* [The records]
▶
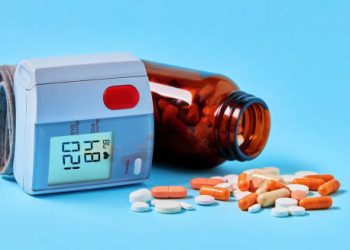 Blood pressure monitor and medication for treating hypertension on blue background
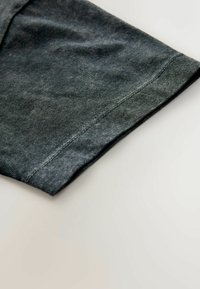 Tejido de mezclilla gris oscuro que muestra un dobladillo doblado con costura verde. La textura es suave con un ligero brillo y detalles de desgaste sutiles.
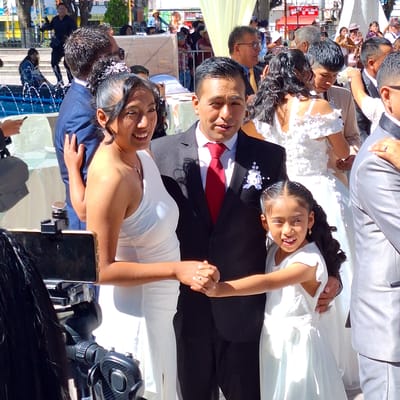 A family is photographed at a wedding in Cerro Colorado, Peru. The bride wears a white dress, and the groom wears a black suit with a red tie. A young girl in a white dress is beside the groom. Other people are in the background, with vendors and tents visible. A smartphone and a camera are in the foreground, capturing the event.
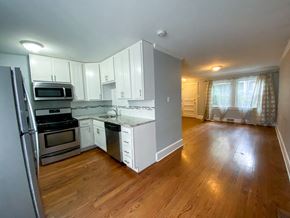 Chicago triplex for rent - an empty kitchen with white cabinets and stainless steel appliances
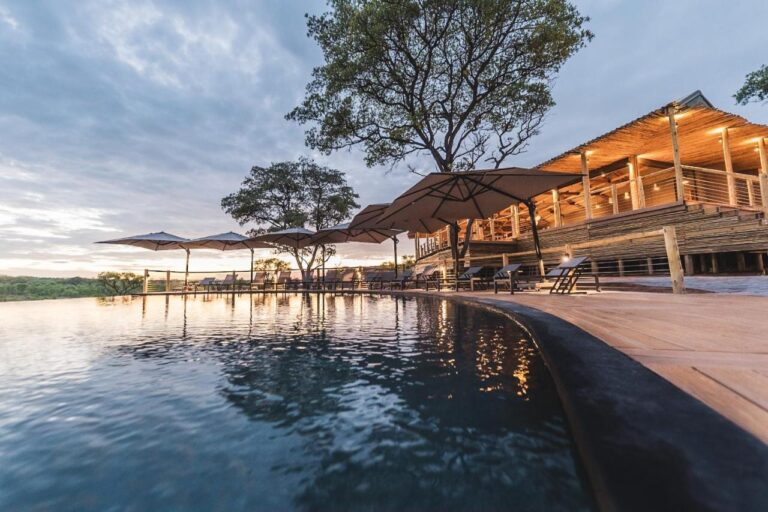 Uendelighetsbassenget på Mdluli Safari Lodge og den opplyste hovedbygningen, under en skyet himmel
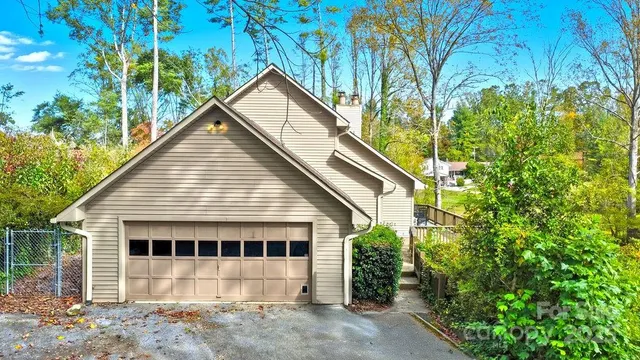 a view of a house with a tree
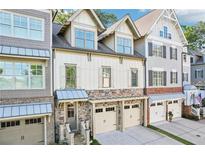 Charming townhome with stone accents, two-car garage, and a welcoming entrance at 238 Trecastle Sq, Canton, GA 30114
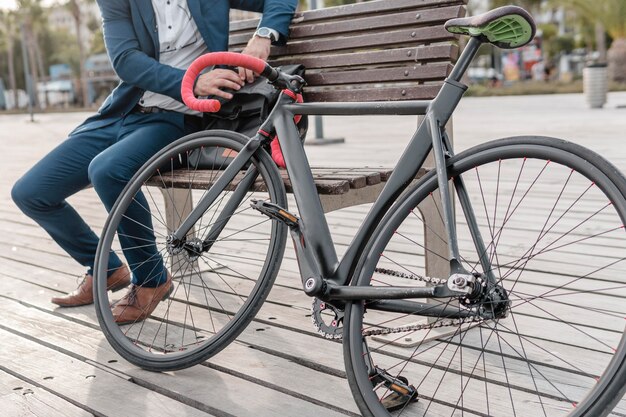 Man sitting on a bench next to his bike outdoors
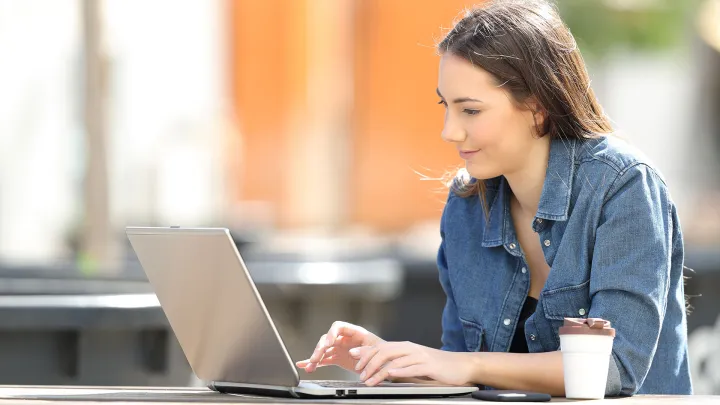 Nainen tietokoneen ääressä kahvikupin kanssa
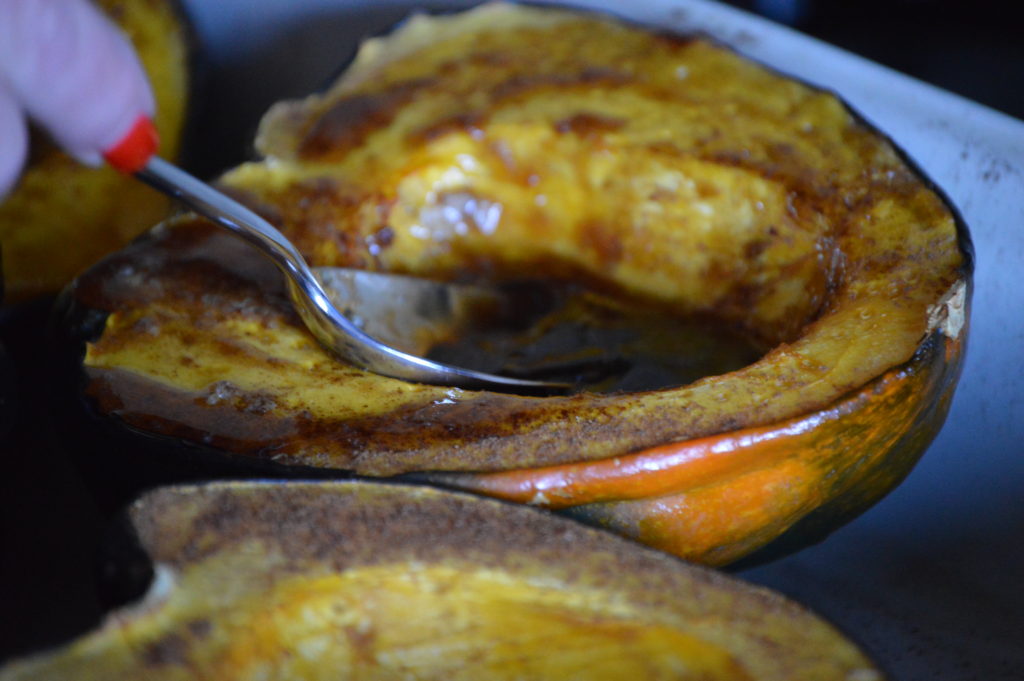 spooning the glaze over the squash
◀
Retype each entry precisely. Skip images entirely.

* [Reply to the task]
 Blood pressure monitor and medication for treating hypertension on blue background
 Tejido de mezclilla gris oscuro que muestra un dobladillo doblado con costura verde. La textura es suave con un ligero brillo y detalles de desgaste sutiles.
 A family is photographed at a wedding in Cerro Colorado, Peru. The bride wears a white dress, and the groom wears a black suit with a red tie. A young girl in a white dress is beside the groom. Other people are in the background, with vendors and tents visible. A smartphone and a camera are in the foreground, capturing the event.
 Chicago triplex for rent - an empty kitchen with white cabinets and stainless steel appliances
 Uendelighetsbassenget på Mdluli Safari Lodge og den opplyste hovedbygningen, under en skyet himmel
 a view of a house with a tree
 Charming townhome with stone accents, two-car garage, and a welcoming entrance at 238 Trecastle Sq, Canton, GA 30114
 Man sitting on a bench next to his bike outdoors
 Nainen tietokoneen ääressä kahvikupin kanssa
 spooning the glaze over the squash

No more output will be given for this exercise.